In Canada, as in Belgium, the Netherlands and Spain (as well as the US state of Massachusetts), marriage is legally available to any two people regardless of gender and sexuality. In the UK, by contrast, the government has recently confirmed that it has no plans to open up marriage to same-sex couples.
For the first two years of our marriage, our relationship had no legal recognition at all in our home country - unlike the marriage of any heterosexual couple married overseas, which would automatically have been recognised in Britain. Then, in December 2005, with the implementation of the new Civil Partnership Act (CPA), our marriage was automatically - without our consent, and against our wishes - converted by the state into a civil partnership. The CPA says that same-sex couples who legally marry in countries where it is possible for them to do so "are to be treated as having formed a civil partnership" (CPA, para. 215).
Civil partnerships are an enormously important step forward for lesbian and gay rights. They make a huge practical difference to our ability to protect our loved ones and mark the beginning of a new era of acceptance for non-heterosexual family forms. But civil partnership is a different institution from marriage - a separate institution for same-sex couples only, while marriage is reserved for different-sex couples only. This maintains a symbolic separation of lesbians and gay men from 'normal' society, sending out the inescapable message that our relationships are not worthy of recognition through marriage. This discrimination is demeaning and unjust. Separate is not equal.
Our case is fundamentally about equality. We simply want to be treated the same way as any heterosexual couple who marries abroad - to have our valid Canadian marriage recognised as a marriage in our home country.
With the support of the national human rights organization, Liberty, we are going to the High Court to seek a declaration of the validity of our marriage - as a marriage, not as a civil partnership - under Section 55 of the Family Law Act 1986. Our lawyers will argue that any failure to recognise the validity of our marriage constitutes a breach of our rights under the European Convention on Human Rights (incorporated into UK domestic law by the Human Rights Act 1988). They will argue specifically that it breaches Article 8 (right to respect for private and family life), Article12 (right to marry), and Article 14 (prohibition of discrimination), taken together with Article 8 and/or 12.

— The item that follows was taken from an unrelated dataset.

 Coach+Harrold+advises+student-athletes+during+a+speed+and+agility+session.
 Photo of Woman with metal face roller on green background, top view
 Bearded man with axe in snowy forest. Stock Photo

The High Court judge who has considered the case said in his interim ruling (handed down on 12 April 2006): "I consider that there is sufficient material available for an argument based on principle ... that the requirement of the Civil Partnership Act that a marriage between same-sex partners abroad must, on registration, be treated as a civil partnership and not a marriage, is on the face of it discriminatory on the grounds of sexual orientation" (Wilkinson v. Kitzinger, Her Majestys Attorney-General & The Lord Chancellor). Winning our case could establish that the human rights to respect for private and family life and to marry apply equally to lesbians and gay men - not just to heterosexuals.
This is an important challenge to a legal system that has never yet extended either the right to respect for private and family life nor the right to marry to same-sex couples. Although our case calls for the governments recognition of our valid overseas marriage, it has far-reaching implications for lesbian and gay equality and human rights more generally across Europe.